• [ASSIGNED TASK] For this task, extract exactly the lines of the data below, from the line containing "Qoltec 50312 uzglabāšanas" through the last one, with pictures left out.

• [MATERIAL FOR THIS TASK]
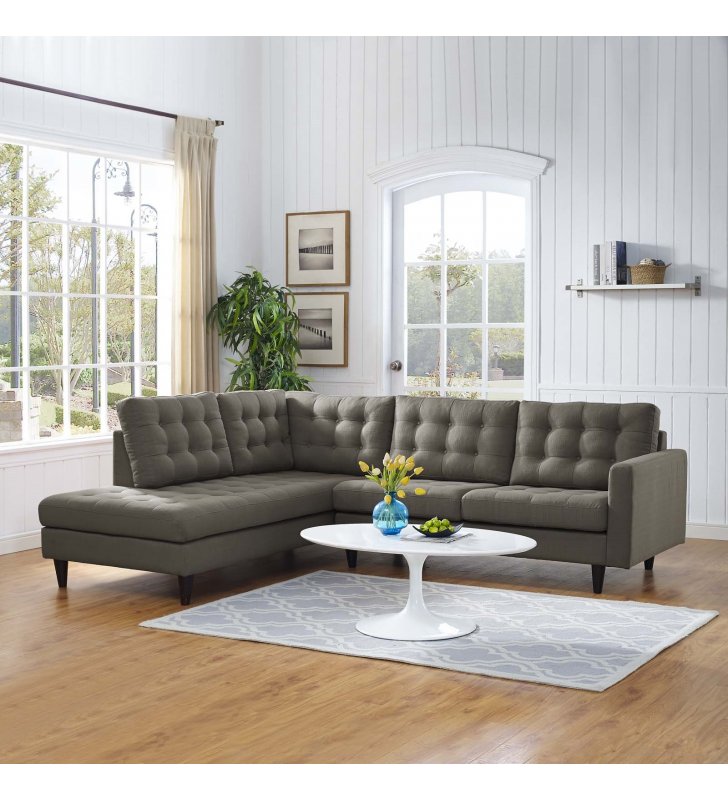 Empress 2 Piece Upholstered Fabric Left Facing Bumper Sectional in Granite - Lexmod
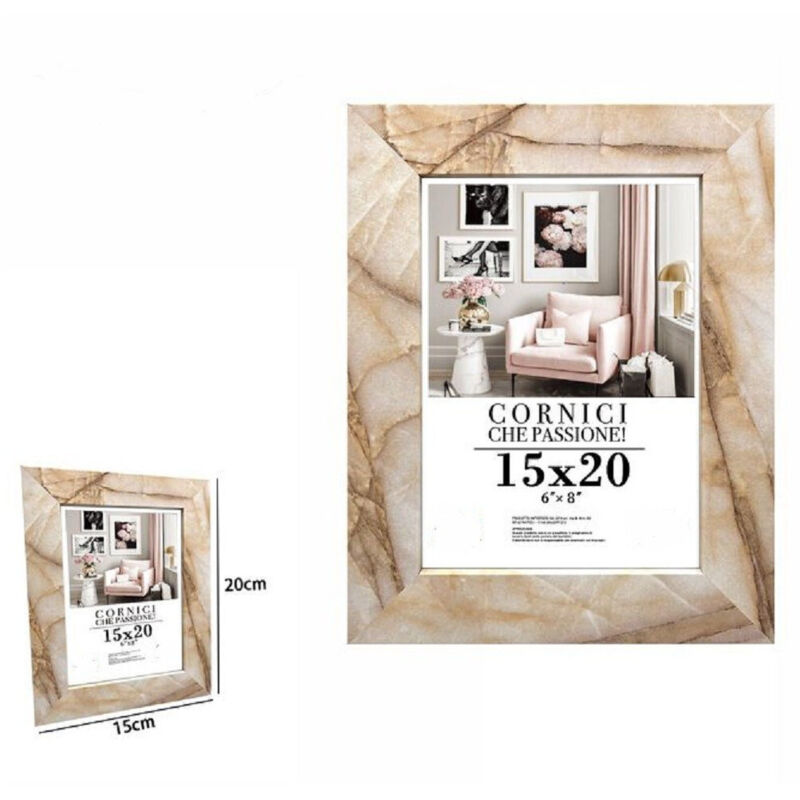 foto del prodotto trade shop traesio cornice foto portafoto quadri tele poster 15 x 20 cm modello effetto marmo 71660 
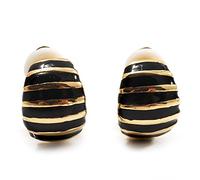 15mm Tall/Small C-Shape Stripy Black Enamel Clip On Earrings in Gold Tone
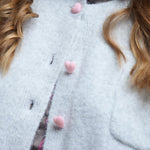 Knit Cardigan With Buttons - grey with pink heart buttons, womens cardigan collection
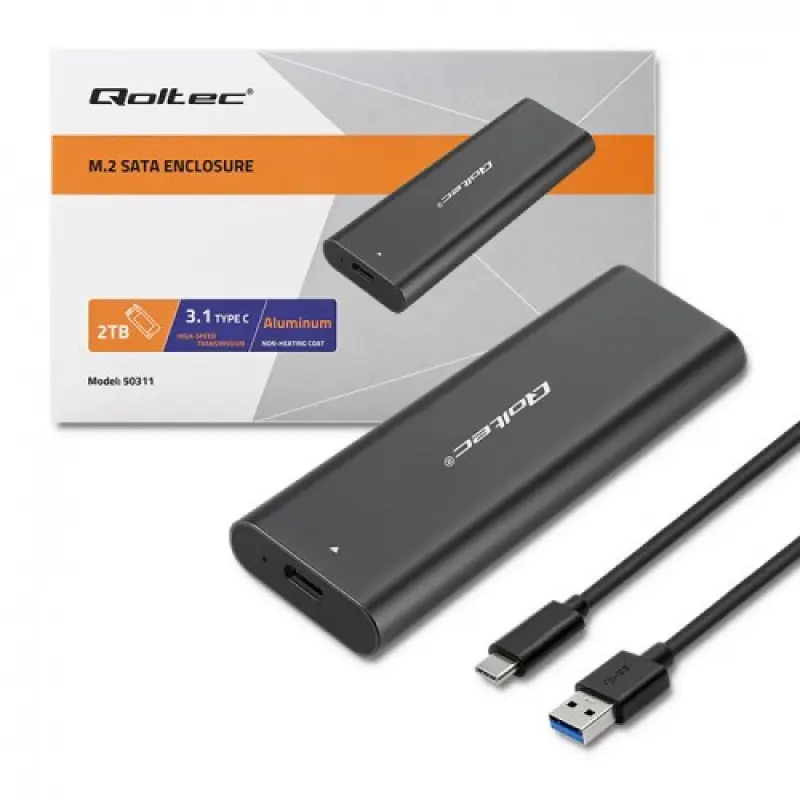 Qoltec 50312 uzglabāšanas korpuss SSD korpuss
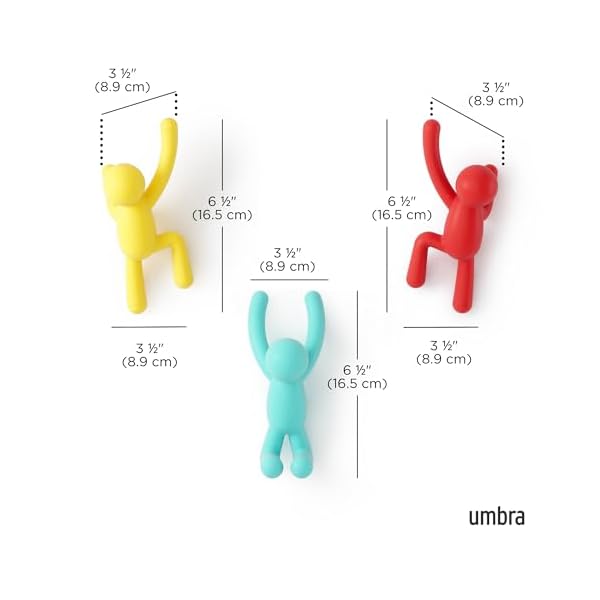 Umbra buddy wall hooksdecorative wall mounted coat hooks for hanging coats scarves bags purses backpacks towels and more set of 3 redblueyellow  urban country home decor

• [WORKED SOLUTION]
 Qoltec 50312 uzglabāšanas korpuss SSD korpuss
 Umbra buddy wall hooksdecorative wall mounted coat hooks for hanging coats scarves bags purses backpacks towels and more set of 3 redblueyellow  urban country home decor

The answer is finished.